» **ABOUT THIS TASK**
No pictures belong in the answer. Repeat all the entries exactly.

===== EXCERPTED DATA

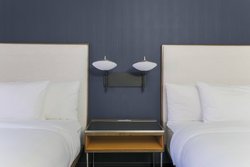  - Courtyard by Marriott Hotel Louisville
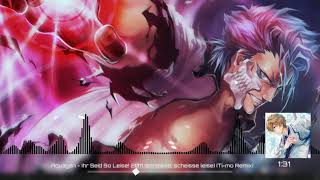 ⭐Nightcore ⭐ Aquagen - Ihr Seid So Leise(Ti-mo remix)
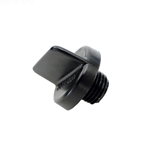 U78-920P | Drain Plug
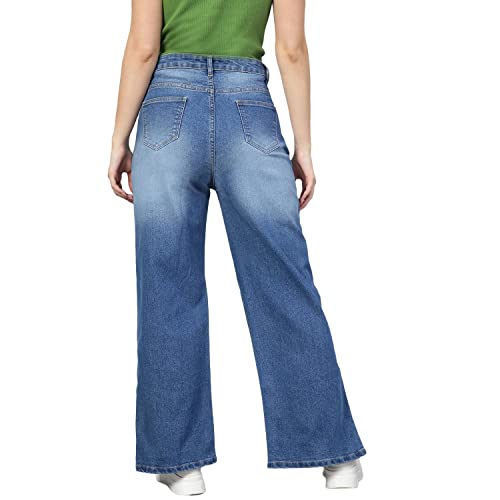 Image of KOTTY Women Womens Jeans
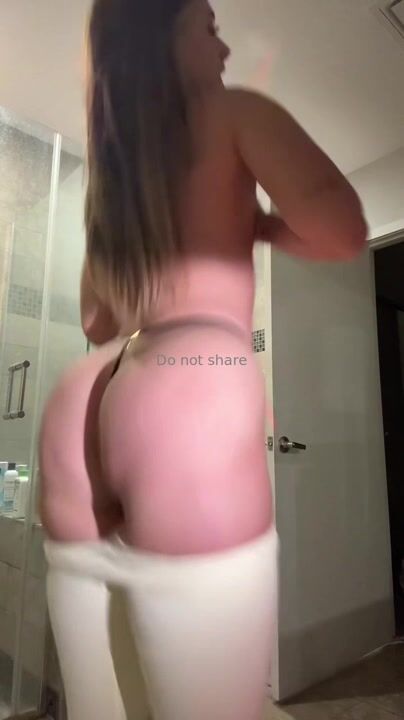 Lucien Lorraine OnlyFans 3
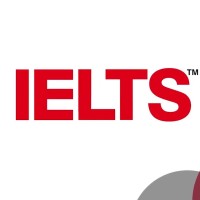 1 Ielts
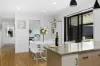 23 Whitcomb Street, Hillcrest, Qld 4118-Image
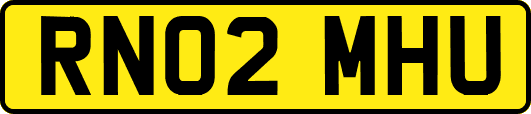 RN02MHU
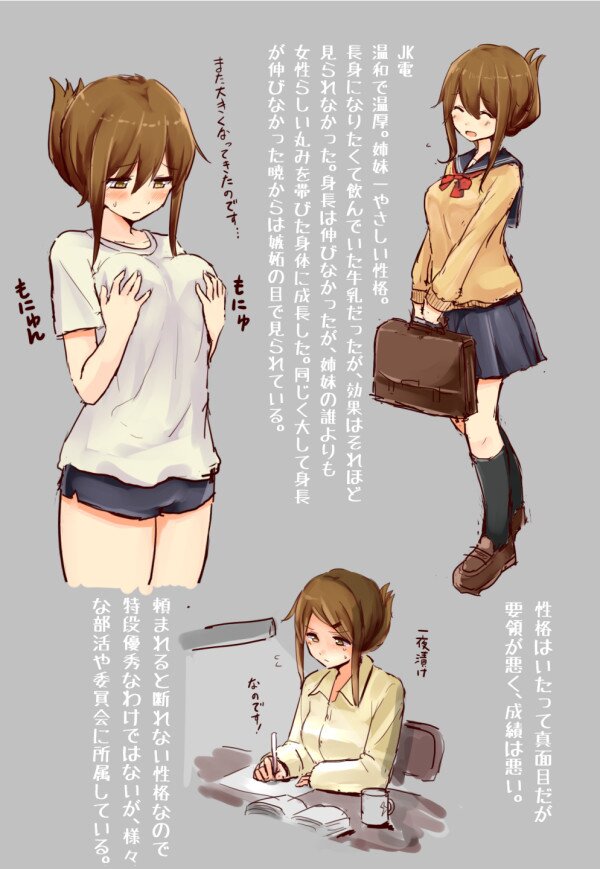 艦隊これくしょん～艦これ～ part122 [無断転載禁止]©bbspink.com [無断転載禁止]©bbspink.com	YouTube動画>1本 ->画像>1276枚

==========

» **RESPONSE AREA**
  - Courtyard by Marriott Hotel Louisville
 ⭐Nightcore ⭐ Aquagen - Ihr Seid So Leise(Ti-mo remix)
 U78-920P | Drain Plug
 Image of KOTTY Women Womens Jeans
 Lucien Lorraine OnlyFans 3
 1 Ielts
 23 Whitcomb Street, Hillcrest, Qld 4118-Image
 RN02MHU
 艦隊これくしょん～艦これ～ part122 [無断転載禁止]©bbspink.com [無断転載禁止]©bbspink.com	YouTube動画>1本 ->画像>1276枚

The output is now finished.